New Year’s Day also encourages us to reflect on our faith, the Lord and his place in our lives. It is a day to ask, ‘How can I grow in my relationship with the Lord?’ ‘How can I respond more generously to his call?’ ‘How might I find ways to nurture my faith or to live it more fully, more courageously?’ Every so often, we need to become more reflective about our faith, our relationship with the Lord, and how it is impacting our day-to-day lives. New Year’s Day is a good time for such reflection.

The gospel reading this morning presents Mary as a very reflective woman. We are told there that the shepherds went to Bethlehem and announced to all, including Mary, the message the angels had given them, which was, ‘Do not be afraid… I am bringing you good news of great joy for all the people: to you is born this day in the city of David a Saviour who is Christ, the Lord’. The shepherds proclaimed the gospel to Mary and all who were with her. According to the gospel reading, Mary’s response to what the shepherd’s said was a contemplative response. ‘She treasured all these things and pondered them in her heart’. It was as if there was too much in what the shepherds said to take in at once. The shepherds were conveying to Mary that her child was none other than the long-awaited Jewish Messiah, whose other titles were Saviour and Lord. Here was good news of great joy, not just for Mary but for all the people. There was much to ponder there, a great deal to treasure. At the very beginning of his gospel, Luke is presenting Mary as a reflective, thoughtful, contemplative woman. Indeed, a little further on in that same chapter, Luke describes her in a very similar way. When the boy Jesus went missing in Jerusalem and his parents, after much searching, eventually found him, he said to them, ‘Why were you searching for me? Did you not know that I must be in my Father’s house?’ In response to those questions of Jesus, Luke tells us that Mary and Joseph ‘did not understand what he said to them’ and that ‘his mother treasured all these things in her heart’. Once again, there was much to ponder upon in what Jesus said. The meaning of his words was not immediately clear.
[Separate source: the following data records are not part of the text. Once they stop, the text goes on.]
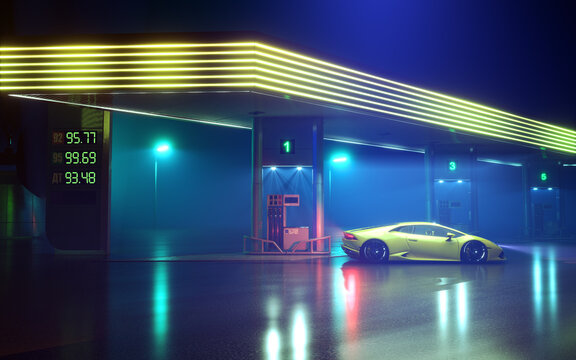 Gas Station in a Foggy Night with a Modern Car in Neon Lighting. 3D Rendering.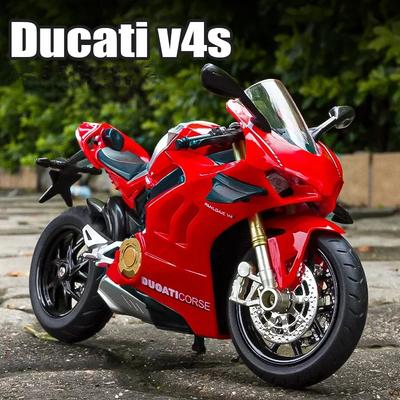 1:12 Модель мотоцикла Ducati Panigale V4S из сплава для кросс-кантри, игрушка-симулятор, коллекция моделей уличных мотоциклов, детский подарок M17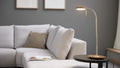 Moderne LED-Tischleuchte in Beige mit flexiblem Arm und rundem Sockel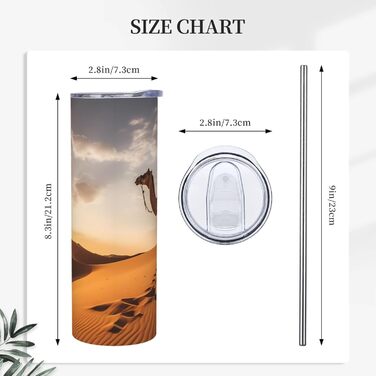 Кухоль з прямою трубочкою, 590 мл, одинокий верблюд, з принтом, дорожній кухоль, підходить для кемпінгу, офісу та дому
Just as in the case of the words of the angels to the shepherds, the words of Jesus to his parents needed to be mulled over and reflected upon.

When it comes to the Lord and his relationship with us and ours with him, there is always a great deal to ponder, to reflect upon, and to treasure in our hearts. Reading the gospels, for example, is not just like reading any other book. Because the gospels are God’s words in human words, there is a depth to them that cries out to be explored. The word of God can speak to us in all kinds of different ways. The same passage of Scripture may speak to us in one way at one time and in another way at another time. It is the Lord who speaks to us through the Scriptures and the Lord has different things to say to us at different times. The portrayal of Mary in today’s gospel reading encourages us to keep pondering the word and to keep treasuring it in our hearts. In that sense, we are all called to be contemplatives. Like Mary, we try to dispose ourselves to hearing what the Lord is saying to us as we go through life.

 

May this new year help us to be pure and holy like our Heavenly Mother by remaining faithful to our family prayers and Bible reading and finding time every day to ponder on God’s word as to how that can transform us and let the word become flesh in us as it did in Mary.